To Bansal’s point, more and more businesses are tapping APIs in part thanks to the generative AI boom, but in the process are unwittingly exposing themselves to attacks. Per one recent study, the number of APIs used by companies increased by over 200% between July 2022 and July 2023. Gartner, meanwhile, predicts that more than 80% of enterprises will have used generative AI APIs or deployed generative AI-enabled apps by 2026.

Traceable tries to shield these APIs by applying AI to analyze usage data to learn normal API behavior and spot activity that deviates from the baseline. Traceable’s software, which runs on-premises or in a fully managed cloud, can discover and catalog existing and new APIs, including undocumented and “orphaned” (i.e., deprecated) APIs in real time, according to Bansal.

Traceable
Image Credits: Traceable

“In order to detect modern threat scenarios, Traceable trained in-house models by fine-tuning open source large language base models with labeled attack data,” Bansal explained. “Our platform provides tools for API discovery, testing, protection and threat hunting workflows for IT teams.”

The API security solutions market is quickly becoming crowded, with vendors such as Noname Security, 42Crunch, Vorlon, Salt Security, Cequence, Ghost Security, Pynt, Akamai, Escape and F5 all vying for customers. According to Research and Markets, the segment could grow at a compound annual growth rate of 31.5% from 2023 to 2030, buoyed by the increasing threats in cybersecurity and the demand for more secure APIs.

But Bansal claims that Traceable is holding its own, analyzing around 500 billion API calls a month for ~50 customers and projecting revenue to double this year. Most of Traceable’s clients are in the enterprise, but Bansal says the company’s investigating piloting with governments.

“Traceable is building a long-term sustainable company, which from a financial perspective means that we have a very healthy margin profile that continues to improve as our revenue grows,” he said. “We’re not profitable today by choice, as we’re investing into the business responsibly. … Our focus is on strategic investments maximizing return, not simply spending.”

To that end, Traceable today announced that it raised $30 million in a strategic investment from a group of backers that included Citi Ventures (Citigroup’s corporate venture arm), IVP, Geodesic Capital, Sorenson Capital and Unusual Ventures. Valuing Traceable at $500 million post-money and bringing its total raised to $110 million, the new cash will be put toward product development, scaling up Traceable’s platform and customer engineering teams and building out the company’s partnership program, Bansal said.
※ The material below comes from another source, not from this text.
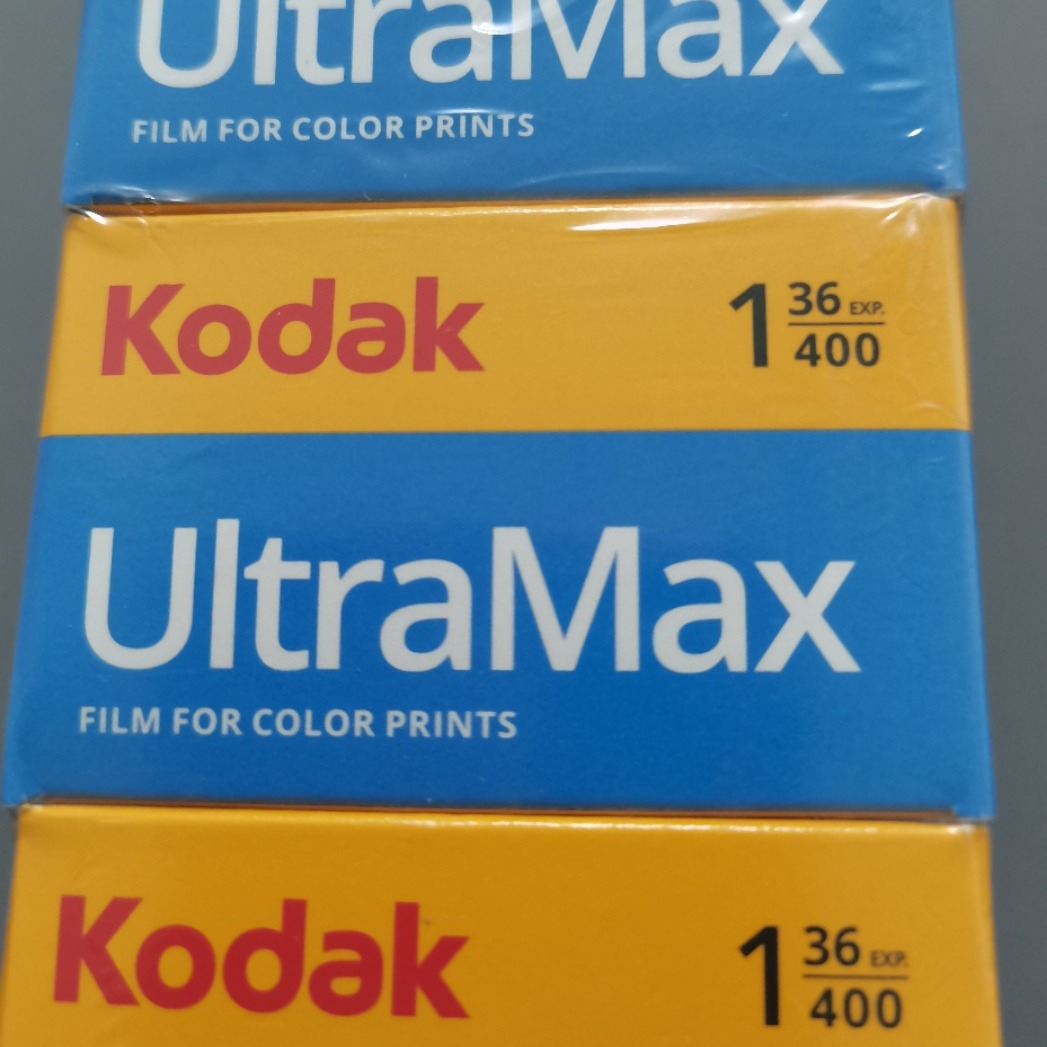 Picture of 26 Years of American Kodak Film All-Round Ultramax 400 Degree 135 Colorful Film 36 Sheets 35mm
Traceable currently has ~180 staffers. Bansal expects headcount to reach 230 by year-end 2024, as the bulk of the new investment goes to hiring.

“Traceable wasn’t fundraising, as we still had substantial cash runway prior to this investment,” Bansal said, adding that Traceable secured a “sizable” line of credit in addition to the new funds, “but we received significant inbound demand from investors. With the combination of the strategic alignment with Citi Ventures and the attractive terms of the investment, we decided to take a smaller investment now to accelerate our product and go-to-market initiatives before thinking about a more substantial fundraise.”